Até que encontrei, no wiki do LaTeX, uma dica interessante: o uso do \multicolumn {}{}{} para fazer o trabalho. Achei interessante pois em todos os tutoriais só mostram a aplicação do \multicolumn para a criação de texto em múltiplas colunas.
Dentro do ambiente \begin{table} e do \begin{array} funciona perfeitamente, e deve ter os seguintes argumentos: \multicolumn{número de colunas}{disposição do texto}{texto da célula}. As disposições possíveis são as mesmas disponíveis para tabela e array (l, c, r). Também suporta o caractere | para criar a borda interna da grade da tabela (por exemplo: {c|}). Com isso é possivel mudar a disposição do texto dentro desta célula, independente do indicado em \begin{table} por exemplo.
Segue um exemplo:
\begin{displaymath}
\begin{array}{rrrrrrr}
(1\times 2^3) & + & (1\times 2^2) & + & (0\times 2^1) & + & (0\times 2^0) \\
\Downarrow & &\Downarrow & &\Downarrow & & \Downarrow \\
8_d & + & 4_d & + & 0_d & + & 0_d \\
\hline
\multicolumn{7}{c}{\textcolor{red}{12_d}}
\end{array}
\end{displaymath}
Observe que todas as células devem ficar alinhadas a direita, menos a última que vai ocupar toda a linha e será centralizada.
Pois bem, aí me bateu um dúvida: se existe um multicolumn será que existe um multirow? E não é que existe!?

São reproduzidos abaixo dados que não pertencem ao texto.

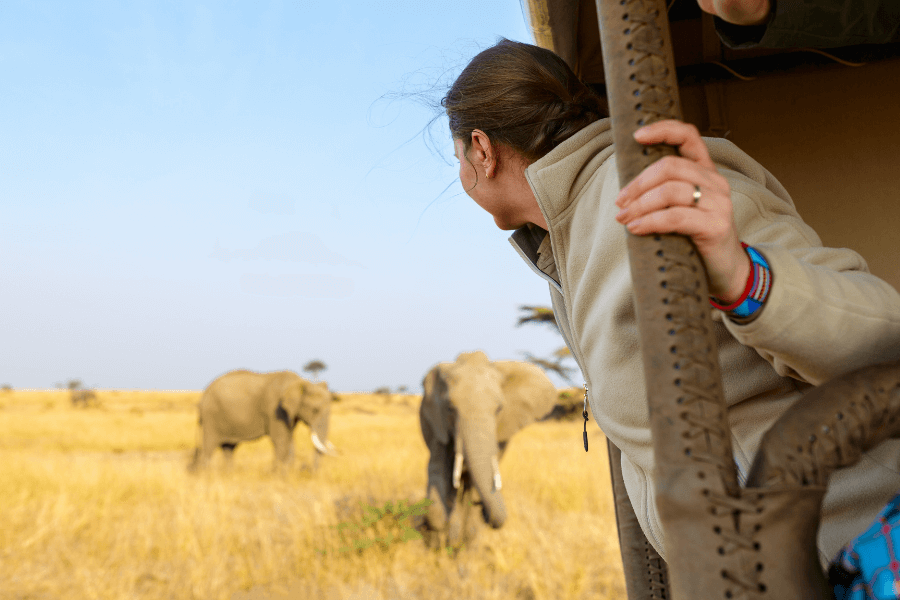 Close-up elephant on safari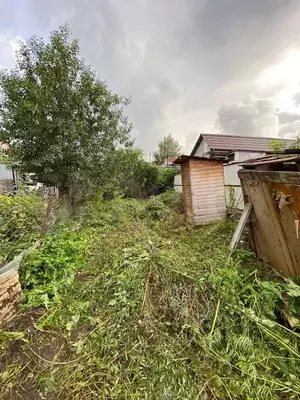 Фото к объявлению #21011886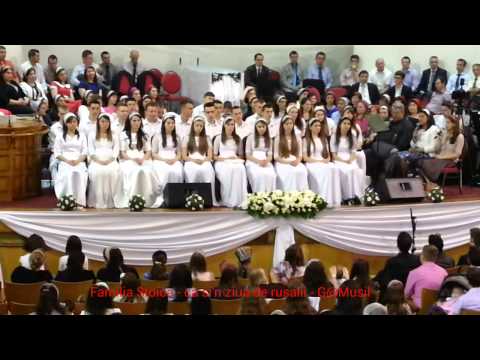 Familia Stoica - ca si'n ziua de rusalii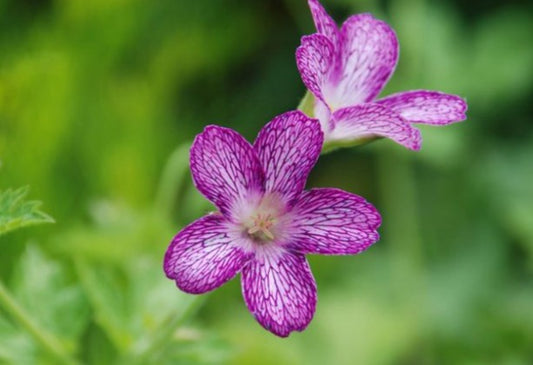 Geranium x oxonianum 'Laura Skelton' - skrautblágresi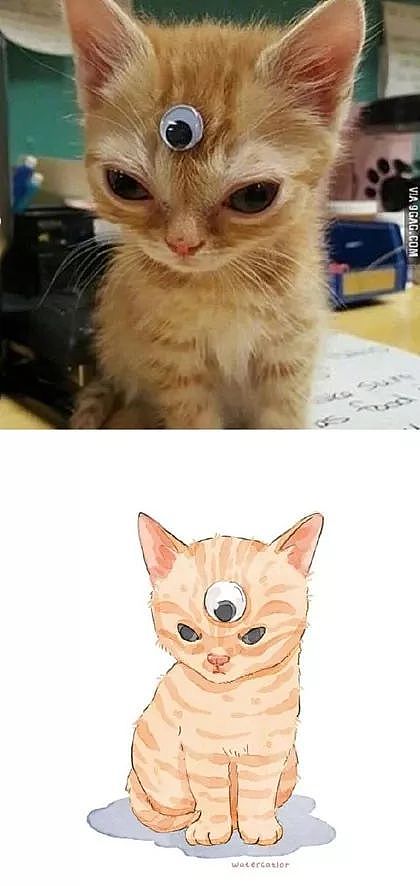 这位画师把网上的沙雕猫猫图，画成了插画，这画风也太可爱了！ - 14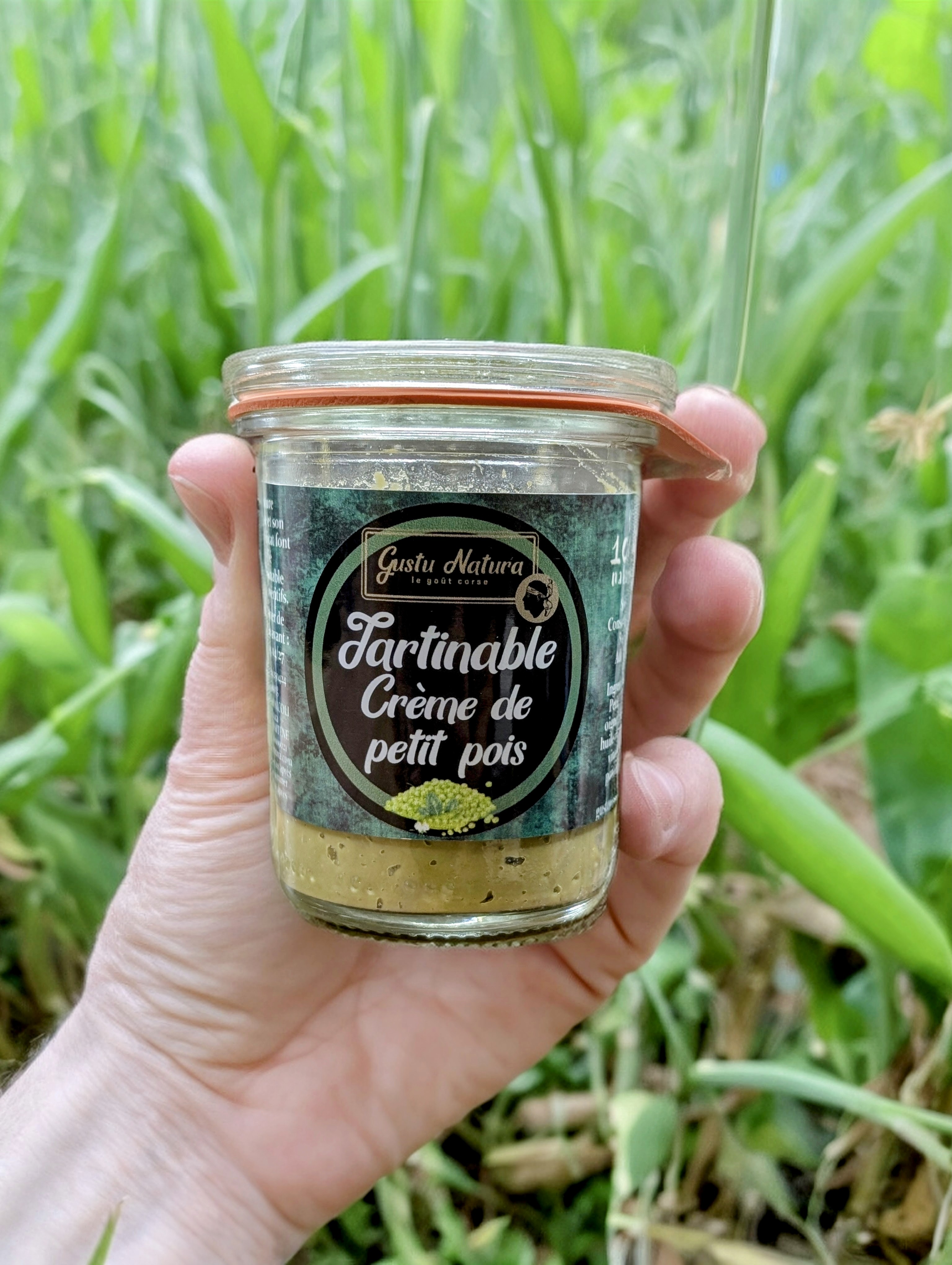 Tartinade crème de petit pois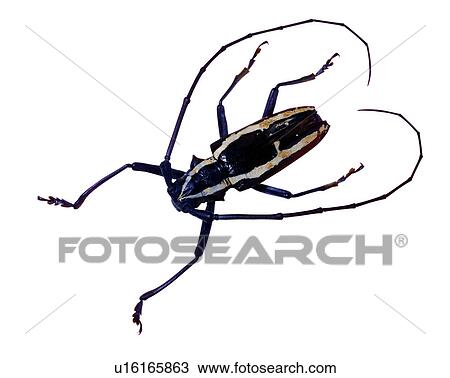 Bugs and Insects, Epepeotes ambioenus formosanus, Insects View Large Photo Image Stock Image - Bugs and Insects, Epepeotes ambioenus formosanus, Insects. Fotosearch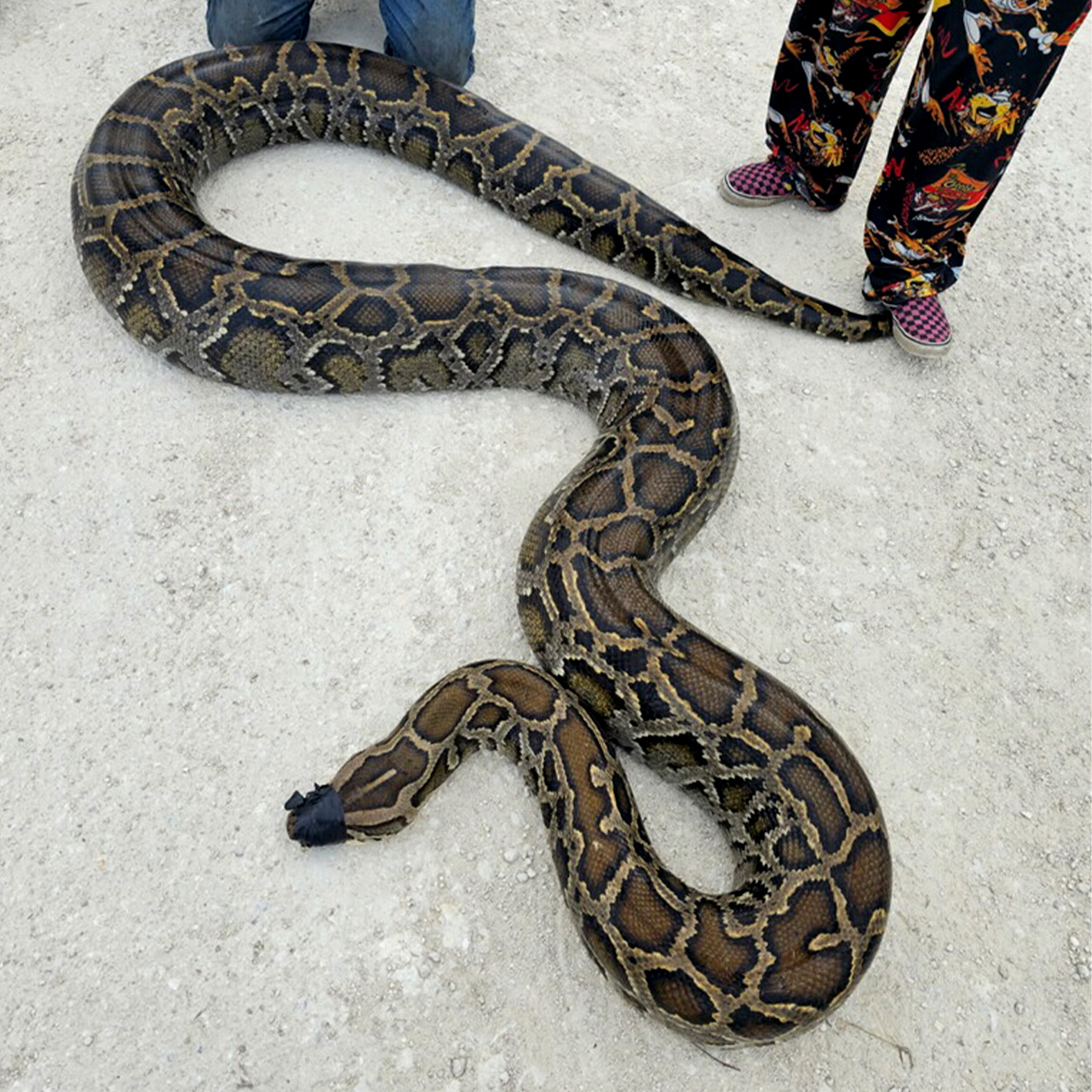 A dead python in the roadway.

Ainda não cheguei a usar, mas encontrei uma página com as dicas de como fazê-lo:
http://andrewjpage.com/index.php?/archives/43-Multirow-and-multicolumn-spanning-with-latex-tables.htmlAssim como o multicolumn, é necessário adicionar o pacote multirow no preâmbulo. Os dois juntos dão liberdade para criar tabelas totalmente assimétricas.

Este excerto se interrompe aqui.